> **Data for the task**
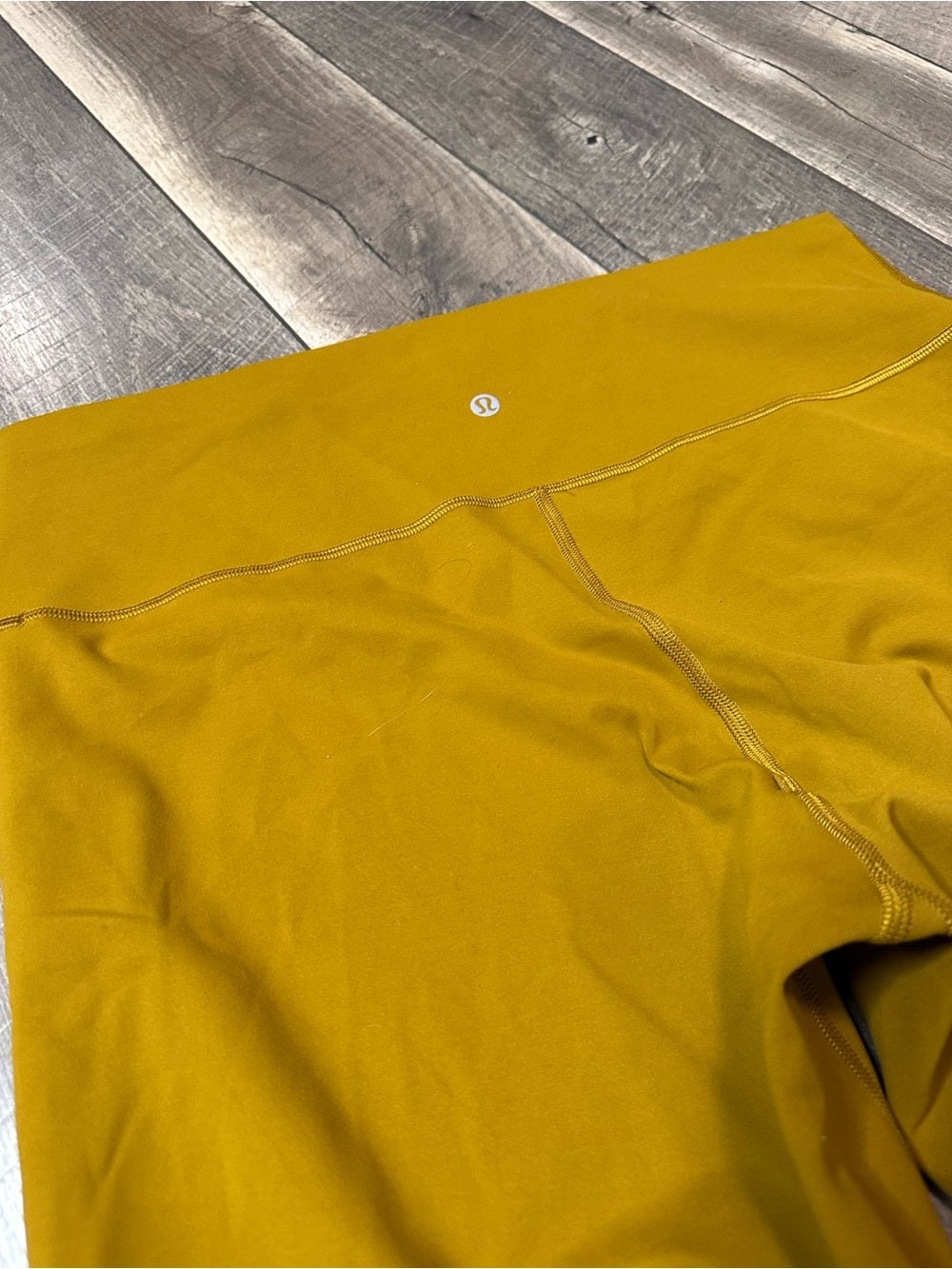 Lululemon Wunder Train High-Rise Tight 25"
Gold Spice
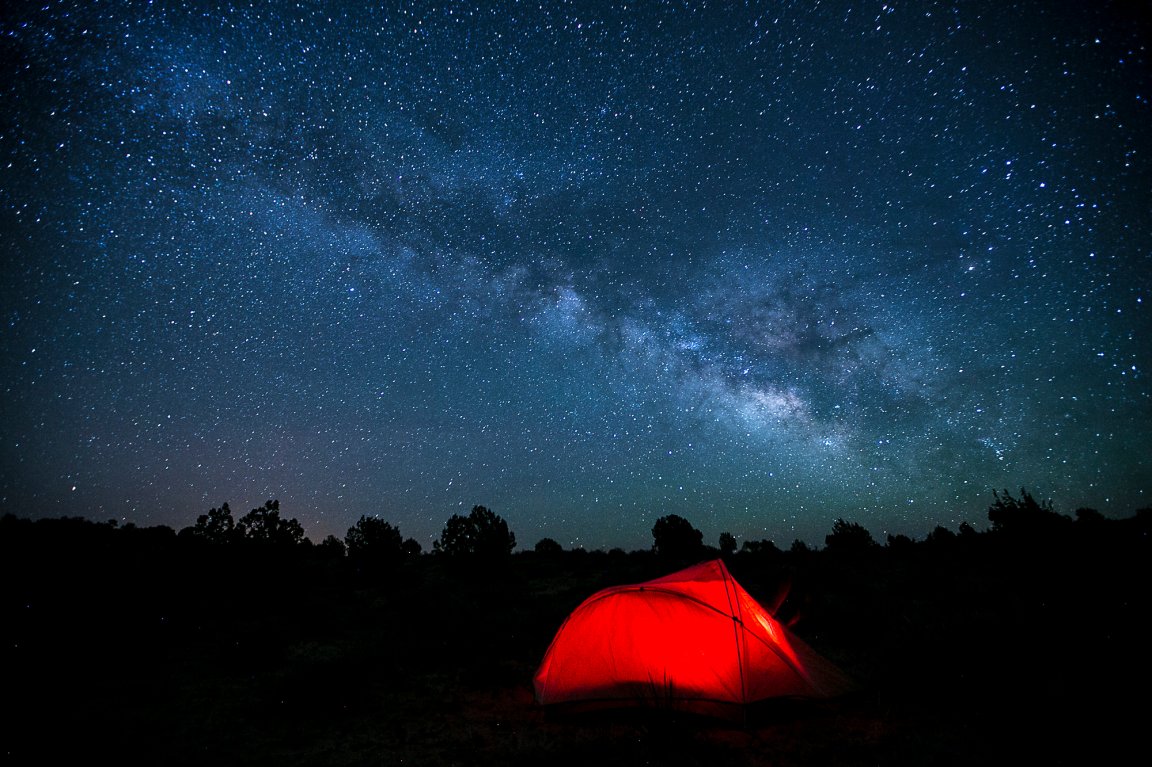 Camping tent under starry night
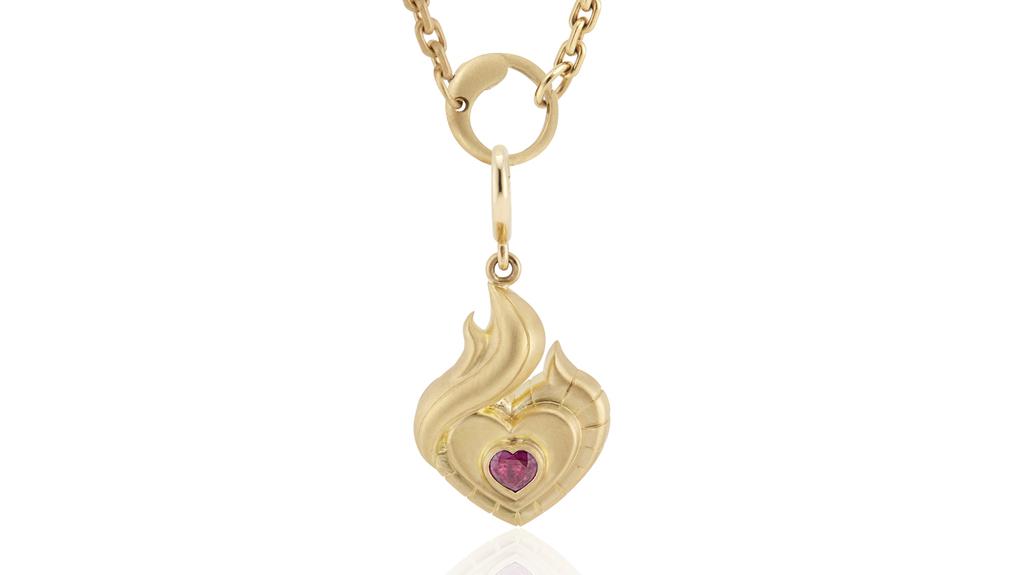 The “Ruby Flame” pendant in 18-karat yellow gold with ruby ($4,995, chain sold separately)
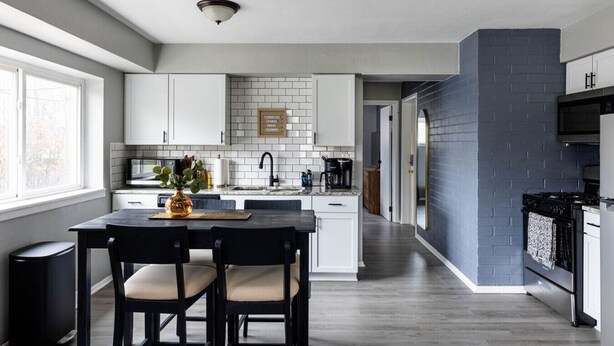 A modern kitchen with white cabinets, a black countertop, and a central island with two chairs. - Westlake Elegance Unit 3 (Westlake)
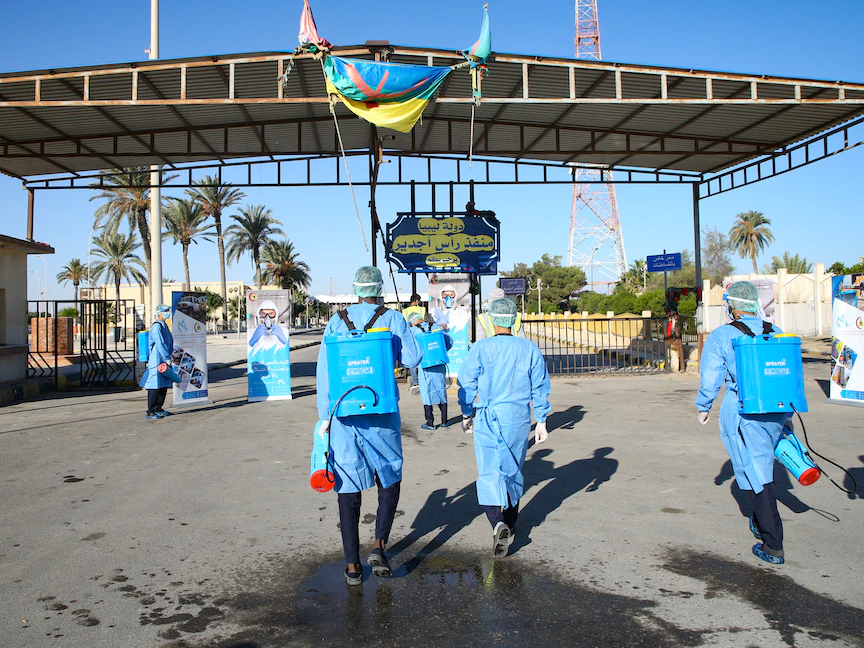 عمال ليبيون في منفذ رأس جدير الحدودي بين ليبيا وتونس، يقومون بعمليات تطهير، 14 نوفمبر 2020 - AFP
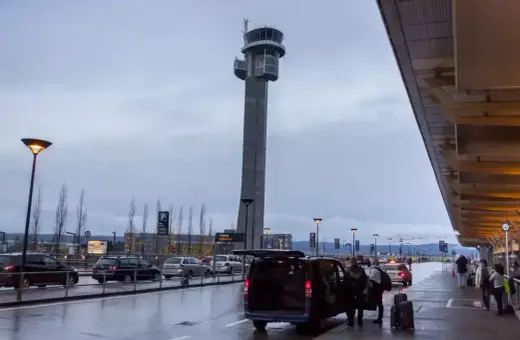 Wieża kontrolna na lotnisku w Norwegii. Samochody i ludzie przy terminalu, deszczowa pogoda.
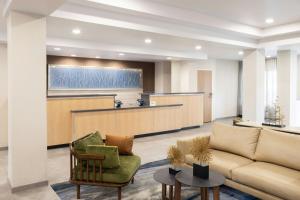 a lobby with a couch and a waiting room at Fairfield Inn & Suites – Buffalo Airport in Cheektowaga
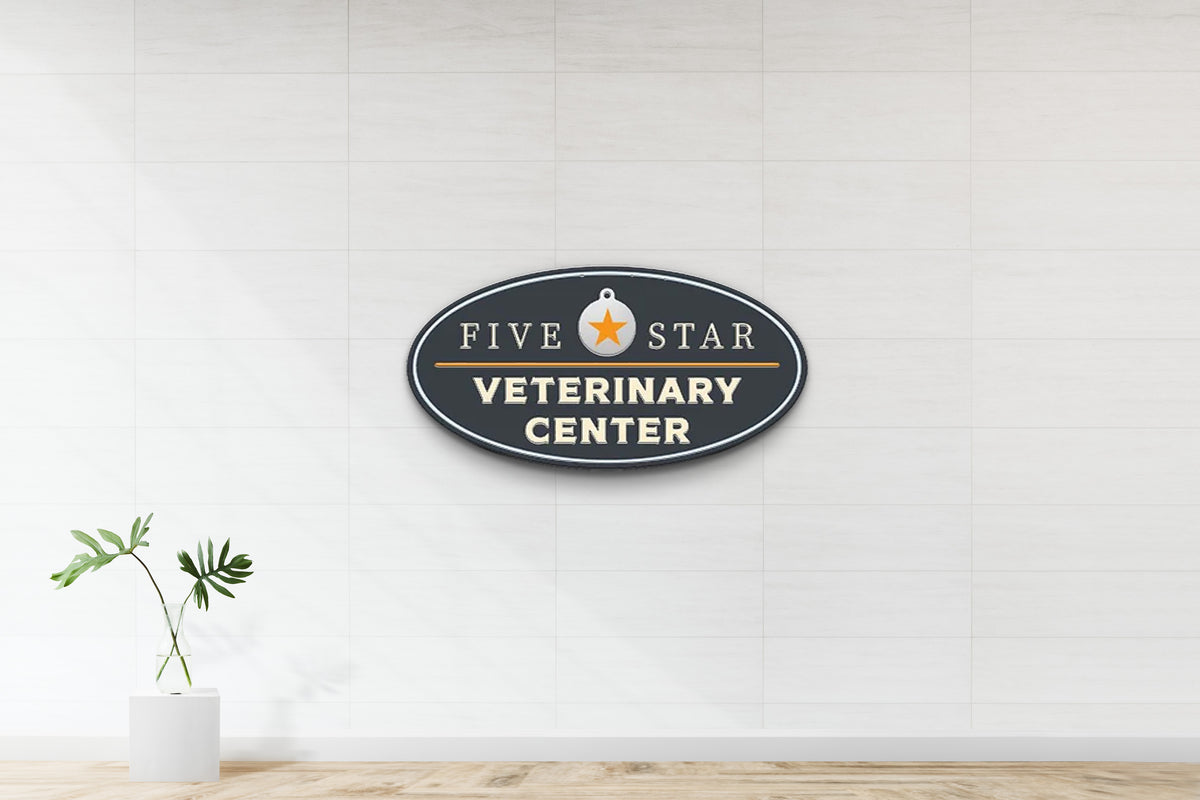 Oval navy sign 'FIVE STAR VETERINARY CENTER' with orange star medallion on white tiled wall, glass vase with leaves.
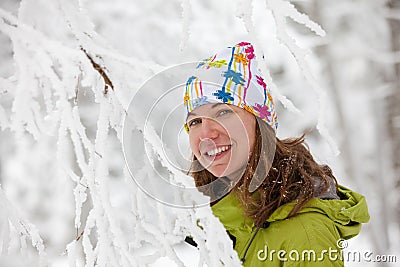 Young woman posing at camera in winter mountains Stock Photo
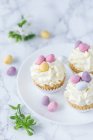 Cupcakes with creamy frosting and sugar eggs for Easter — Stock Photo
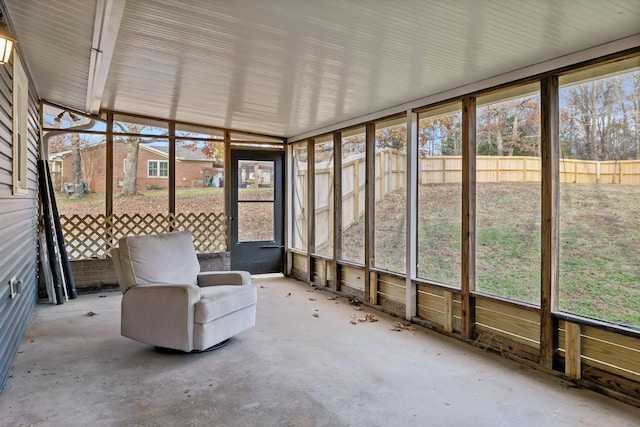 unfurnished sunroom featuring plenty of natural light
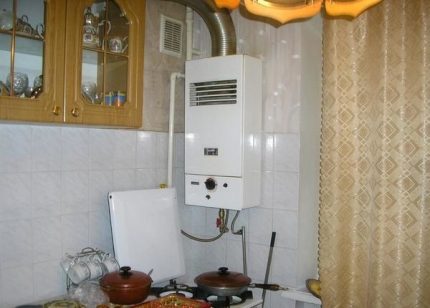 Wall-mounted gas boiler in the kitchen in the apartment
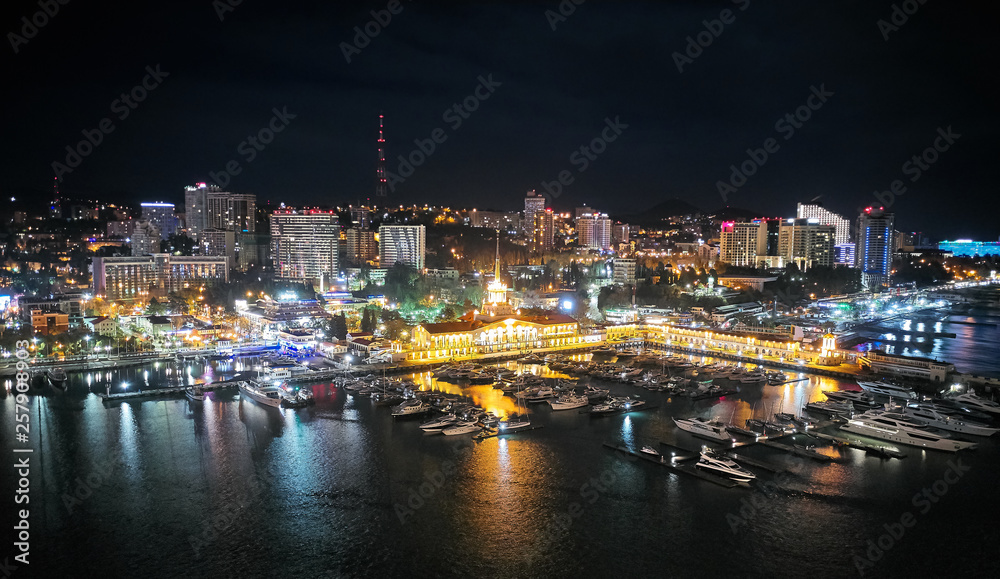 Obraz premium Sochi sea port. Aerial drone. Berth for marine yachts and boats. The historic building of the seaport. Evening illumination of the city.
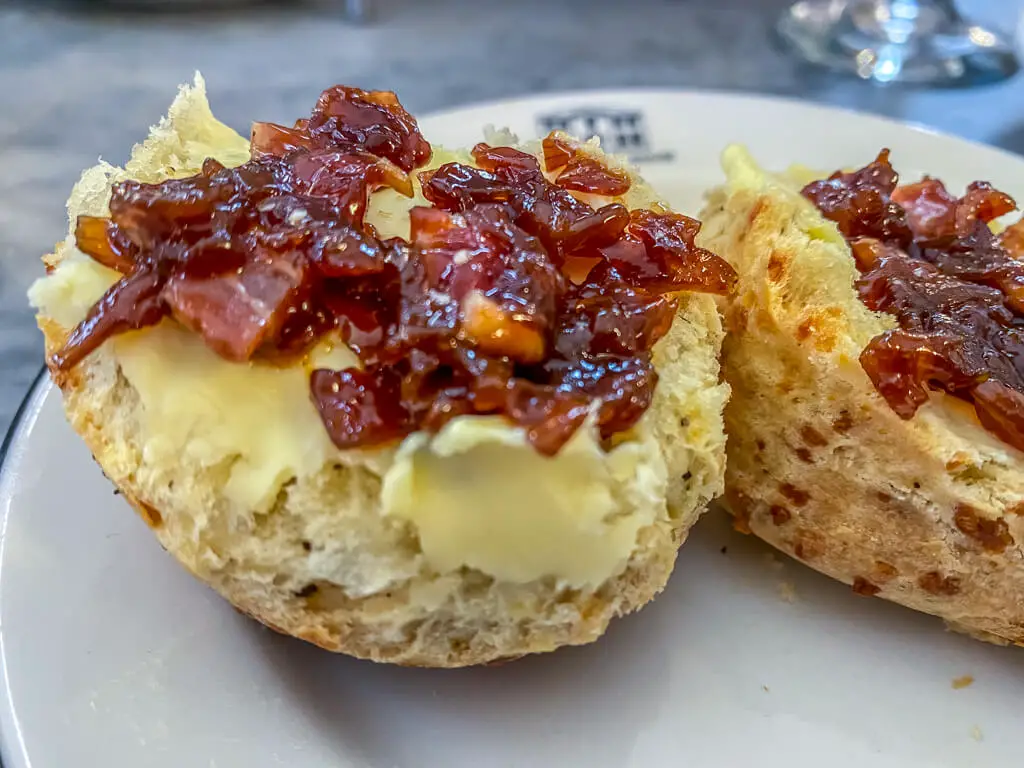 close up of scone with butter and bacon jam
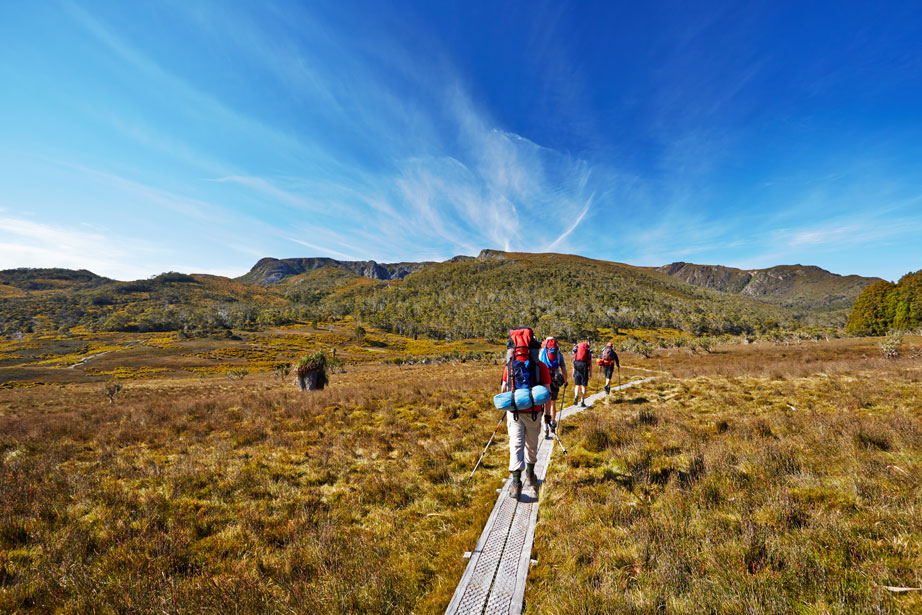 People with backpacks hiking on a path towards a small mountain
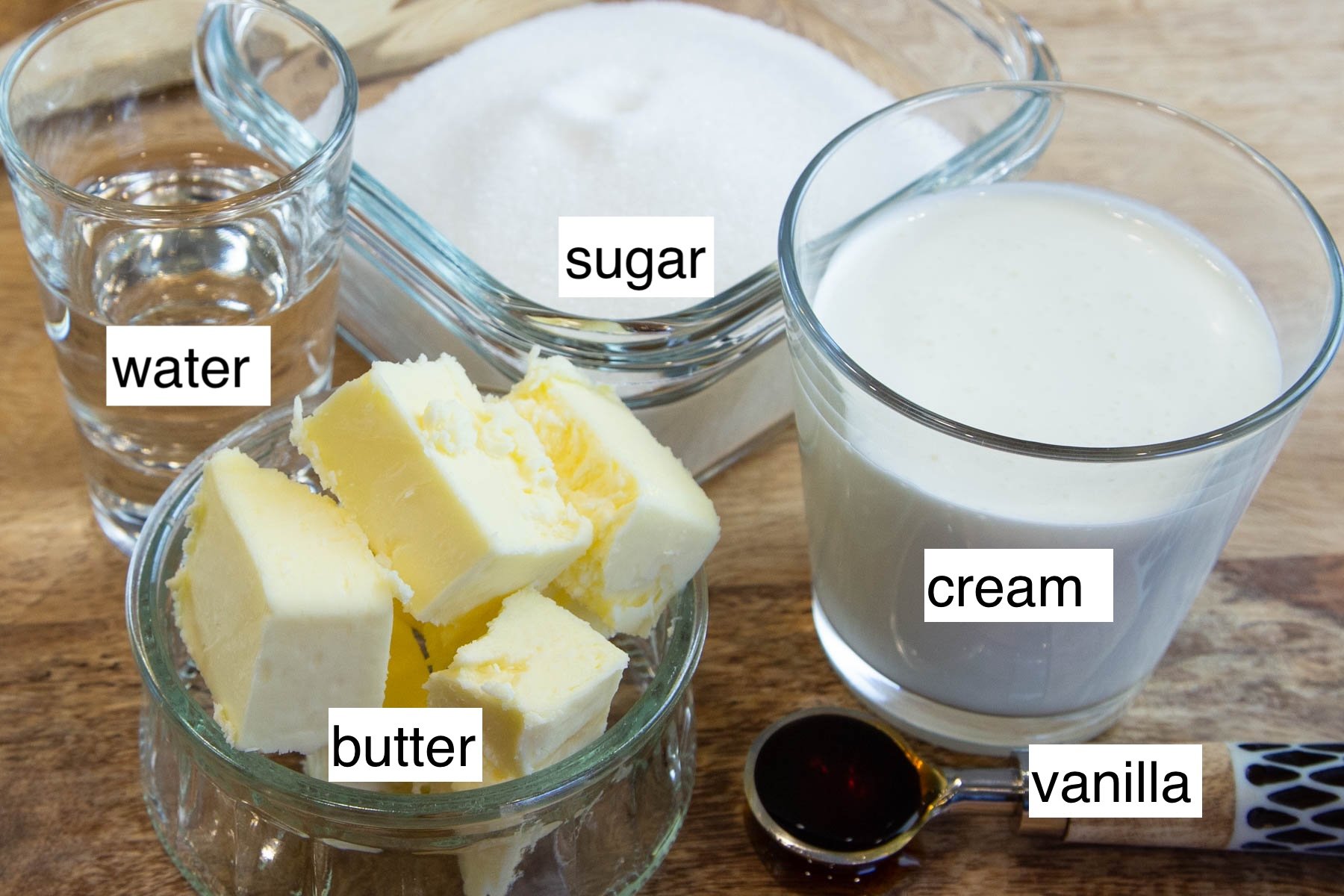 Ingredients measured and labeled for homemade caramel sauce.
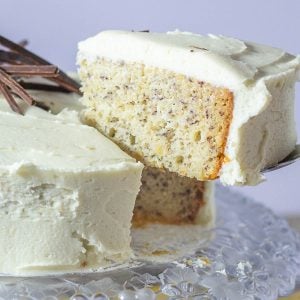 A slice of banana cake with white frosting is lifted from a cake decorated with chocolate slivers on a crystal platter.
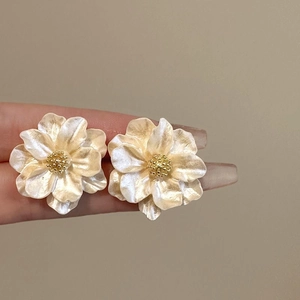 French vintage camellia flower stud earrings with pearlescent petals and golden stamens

> **Goal of the exercise**
Without including the pictures, copy all of the data exactly.

> **Answer box**
 Lululemon Wunder Train High-Rise Tight 25"
Gold Spice
 Camping tent under starry night
 The “Ruby Flame” pendant in 18-karat yellow gold with ruby ($4,995, chain sold separately)
 A modern kitchen with white cabinets, a black countertop, and a central island with two chairs. - Westlake Elegance Unit 3 (Westlake)
 عمال ليبيون في منفذ رأس جدير الحدودي بين ليبيا وتونس، يقومون بعمليات تطهير، 14 نوفمبر 2020 - AFP
 Wieża kontrolna na lotnisku w Norwegii. Samochody i ludzie przy terminalu, deszczowa pogoda.
 a lobby with a couch and a waiting room at Fairfield Inn & Suites – Buffalo Airport in Cheektowaga
 Oval navy sign 'FIVE STAR VETERINARY CENTER' with orange star medallion on white tiled wall, glass vase with leaves.
 Young woman posing at camera in winter mountains Stock Photo
 Cupcakes with creamy frosting and sugar eggs for Easter — Stock Photo
 unfurnished sunroom featuring plenty of natural light
 Wall-mounted gas boiler in the kitchen in the apartment
 Obraz premium Sochi sea port. Aerial drone. Berth for marine yachts and boats. The historic building of the seaport. Evening illumination of the city.
 close up of scone with butter and bacon jam
 People with backpacks hiking on a path towards a small mountain
 Ingredients measured and labeled for homemade caramel sauce.
 A slice of banana cake with white frosting is lifted from a cake decorated with chocolate slivers on a crystal platter.
 French vintage camellia flower stud earrings with pearlescent petals and golden stamens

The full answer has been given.